Um novo estudo publicado na revista Cerebral Cortex, conduzido por cientistas da Universidade de Basileia, na Suíça, traz conclusões surpreendentes sobre o consumo diário de cafeína. Os pesquisadores afirmam que beber o equivalente a uma xícara de café por dia pode alterar o volume da massa cinzenta no cérebro de uma pessoa por algum tempo. Por outro lado, também sugerem que o consumo da mesma quantidade da bebida não parece ter efeito na qualidade do sono, contradizendo uma crença popular.
Para conduzir o experimento, os pesquisadores recrutaram 20 voluntários saudáveis, todos habituados a beber café diariamente. Por dez dias, eles foram instruídos a tomar três cápsulas de cafeína de 150 miligramas por dia, enquanto se abstinham de todas as outras fontes de cafeína. O protocolo, depois, foi repetido por mais dez dias, nos quais os participantes receberam comprimidos de placebo.
Ao final de cada período de dez dias, os autores do estudo escanearam os cérebros dos participantes usando imagens de ressonância magnética funcional (fMRI), ao mesmo tempo que mediam sua atividade cerebral enquanto dormiam. Os resultados indicaram que os volumes de massa cinzenta diminuíram após o uso regular de cafeína, mas aumentaram após dez dias de abstinência.
“Nossos resultados não significam necessariamente que o consumo de cafeína tenha um impacto negativo no cérebro”, diz um dos autores do estudo, a Dra. Carolin Reichert, do Centro de Cronologia de Basileia, em comunicado.
“Mas o consumo diário de cafeína evidentemente afeta nosso 'hardware' cognitivo, o que por si só deveria dar origem a mais estudos", acrescentou Reichert. Ela lembra que, no passado, os efeitos da cafeína na saúde foram investigados principalmente em pacientes com algum problema de saúde, mas também há a necessidade de pesquisas do tipo em indivíduos saudáveis.
A cafeína não está presente apenas no café, mas também em refrigerantes à base de cola e bebidas energéticas - condição que a torna a substância psicoativa mais consumida no mundo.
A massa cinzenta se refere às partes do sistema nervoso central compostas principalmente pelos corpos celulares das células nervosas, enquanto a substância branca compreende principalmente as vias neurais, as longas extensões das células nervosas.
O estudo constatou alterações da massa cinzenta durante o período de consumo de cafeína. Após 10 dias de placebo - ou seja, “abstinência de cafeína” - o volume da substância cinzenta foi maior do que após o mesmo período de tempo com cápsulas do estimulante.

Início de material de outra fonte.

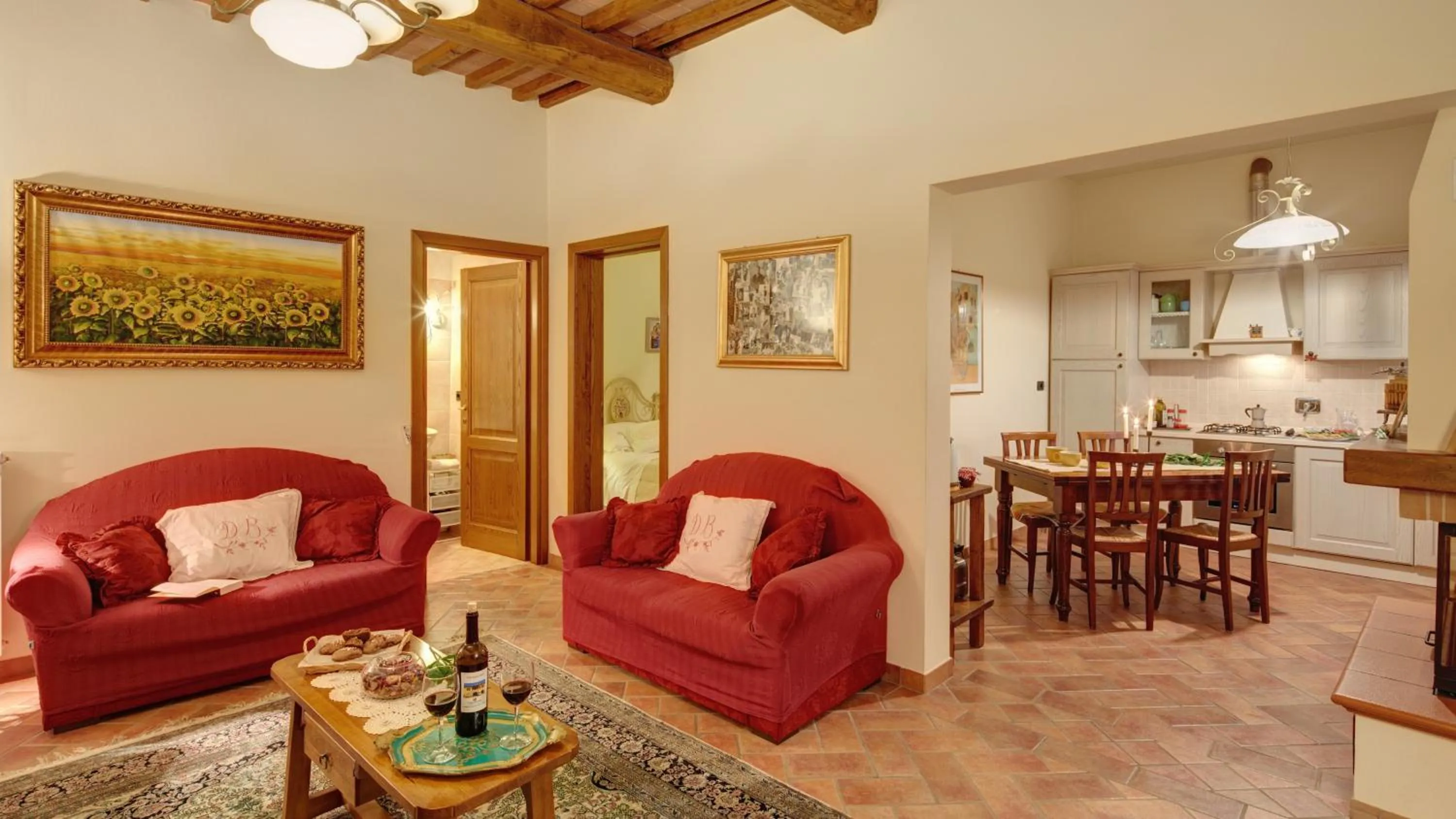 Living room in Cappannelle Country House Tuscany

Os pesquisadores, porém, também concluíram que essas mudanças parecem ser temporárias e que apenas dez dias de abstinência da substância estimulante são suficientes para reverter o efeito. Depois desse período, o volume da massa cinzenta se regenerou significativamente entre os participantes.
“As mudanças na morfologia do cérebro parecem temporárias, mas até agora faltaram comparações sistemáticas entre os que bebem café e aqueles que geralmente consomem pouca ou nenhuma cafeína”, observa Reichert.

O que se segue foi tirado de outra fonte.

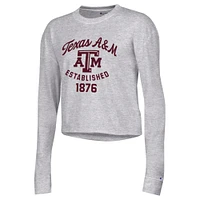 T-shirt court à manches longues Champion Texas A&M Aggies Boyfriend pour femme, gris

As mudanças na massa cinzenta foram particularmente perceptíveis no lobo temporal medial direito, que contém estruturas-chave, como o hipocampo, para-hipocampo e giro fusiforme, e está associado à função de memória.

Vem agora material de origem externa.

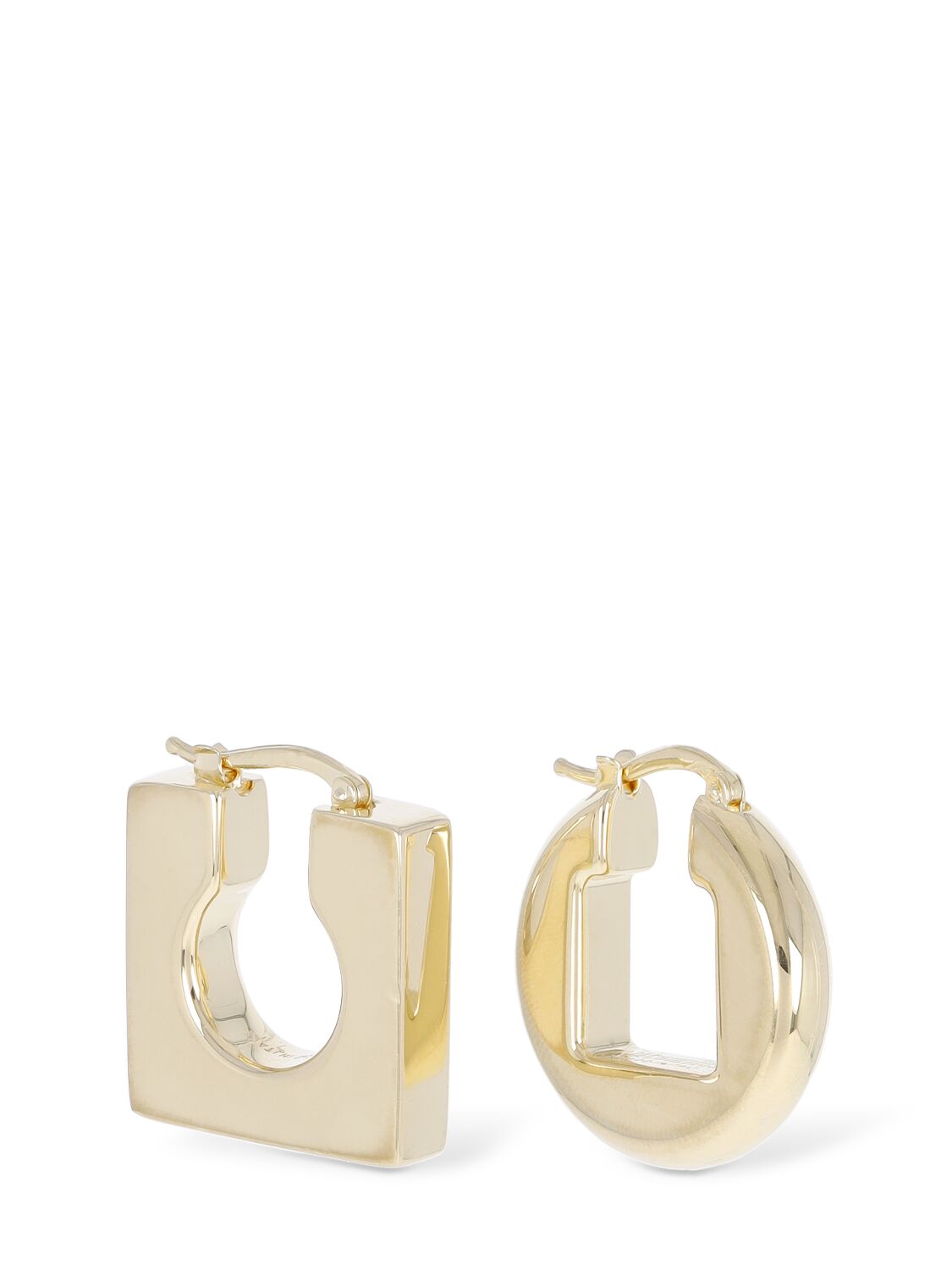 Shop Jacquemus Les Boucles Rond Carré Earrings In Light Gold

Para analisar o impacto dessas mudanças, os pesquisadores pediram aos participantes que completassem uma série de tarefas de memória e descobriram que eles geralmente se saíam melhor após se abster de cafeína por dez dias do que depois de consumir o estimulante.
Se por um lado as alterações na massa cinzenta ficaram níticas no estudo, por outro a comparação de dados revelou que a profundidade do sono dos participantes foi igual, independentemente de terem tomado a cafeína ou as cápsulas de placebo.
Segundo o autores, a atividade de ondas lentas (SWA, sigla de slow wave activity) durante o sono não foi completamente afetada pelo consumo de cafeína ou pelas mudanças no volume da massa cinzenta. Isso foi considerado uma surpresa, já que muitas pessoas relatam sono interrompido após a ingestão de cafeína.
Embora o café seja comumente utilizado para se permanecer acordado, os dados não sugerem uma ligação entre a profundidade do sono durante a ingestão diária de cafeína e as mudanças na morfologia cerebral.